- **Recorded data**:
========================================================================

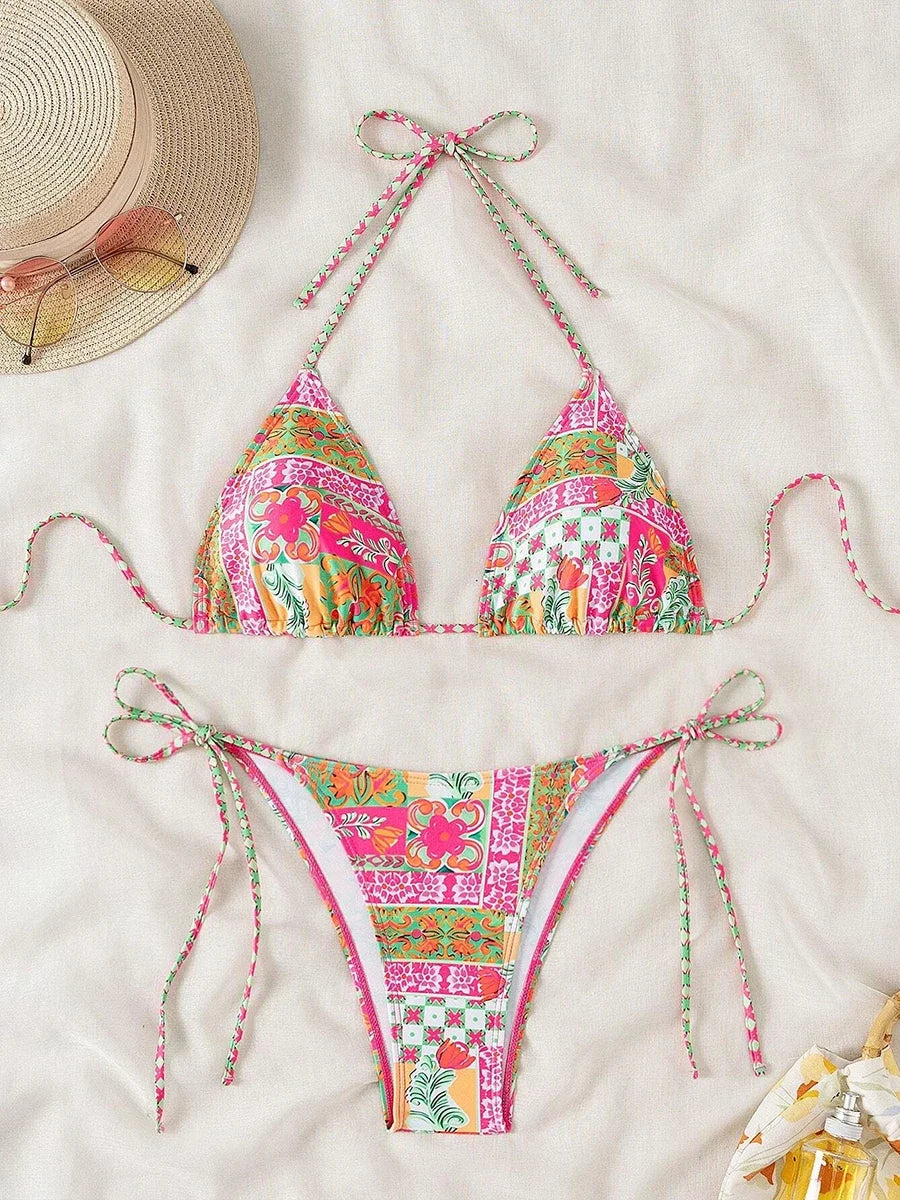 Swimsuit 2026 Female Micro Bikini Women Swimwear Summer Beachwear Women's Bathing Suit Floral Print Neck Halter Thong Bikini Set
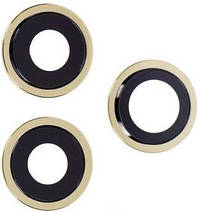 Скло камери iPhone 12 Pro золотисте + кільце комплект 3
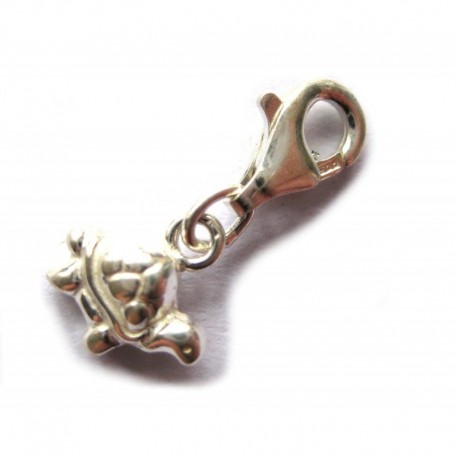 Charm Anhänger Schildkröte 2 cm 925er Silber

========================================================================

- **What you need to do**: Every line above should be repeated exactly; pictures stay out of the copy.

- **Your response**:
 Swimsuit 2026 Female Micro Bikini Women Swimwear Summer Beachwear Women's Bathing Suit Floral Print Neck Halter Thong Bikini Set
 Скло камери iPhone 12 Pro золотисте + кільце комплект 3
 Charm Anhänger Schildkröte 2 cm 925er Silber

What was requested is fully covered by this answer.